| 要旨トップ | 目次 | 日本生態学会第64回全国大会 (2017年3月、東京) 講演要旨
ESJ64 Abstract


一般講演(ポスター発表) P2-M-374  (Poster presentation)

青木ヶ原樹海針葉樹林における標高と林分構造の関係

*城取陽一郎(茨城大学理学部), 山村靖夫(茨城大学理学部), 中野隆志(山梨県富士山科学研究所), 安田泰輔(山梨県富士山科学研究所)
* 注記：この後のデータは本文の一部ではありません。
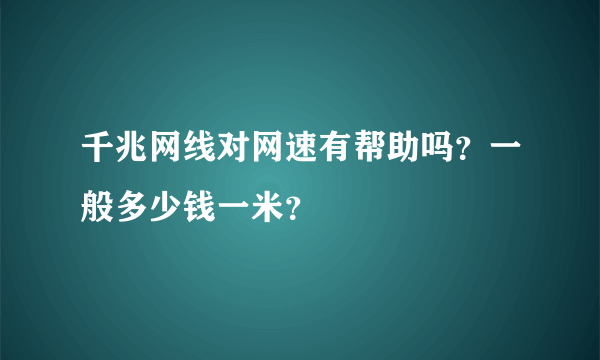 千兆网线对网速有帮助吗？一般多少钱一米？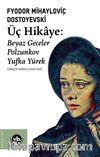 Üç Hikaye : Beyaz Geceler, Polzunkov, Yufka Yürek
 青木ヶ原樹海は富士山北西麓山地帯の溶岩流上に成立したヒノキとツガが優占する常緑針葉樹林であり、土地的極相林とされ、ギャップ更新によって維持されていると考えられている。青木ヶ原樹海は標高900 m - 1300 mに広がっており、ヒノキとツガの優占度が標高勾配に沿って変化する傾向が植生図から読み取れる。それが事実ならば、標高に伴う環境要因が林分の構造に影響する可能性がある。本研究は、①林冠を優占する樹種の広域的な調査、②標高の異なる森林における林冠ギャップを含む林分の構造の調査を行うことにより、青木ヶ原樹海針葉樹林の林分構造に対する標高の影響を解明することを目的とする。
 調査①のために、各標高で林冠の樹種の被度を接線法により測定した。調査②のために、標高が異なる森林に林冠ギャップを含まない方形区と含む方形区を設置し、林分構造を解析した。
 ヒノキとツガの林冠被度と標高の間には有意な相関が認められ、標高が上がるにつれてツガ優占からヒノキ優占に変化することが明らかになった。低標高 (900 m - 1000 m) の林分では、林冠をツガが優占し、その林冠下にヒノキまたはツガの実生・稚樹が更新していた。ギャップ内の樹冠は高木・亜高木種の広葉樹が優占し、その樹冠下にヒノキとツガが更新していた。高標高 (1000 m - 1300 m) の林分では、林冠をヒノキが優占し、その林冠下にヒノキの実生・稚樹が更新していた。ギャップ内の樹冠はヒノキが優占し、その樹冠下にヒノキの実生・稚樹が更新していた。以上より、青木ヶ原樹海針葉樹林の林分構造と林冠ギャップ内部の更新過程は標高間で異なり、ギャップ更新によって、低標高のツガ林はヒノキとツガが様々な割合で混交する森林へ変化し、高標高のヒノキ林はヒノキの優占が維持されると考えられた。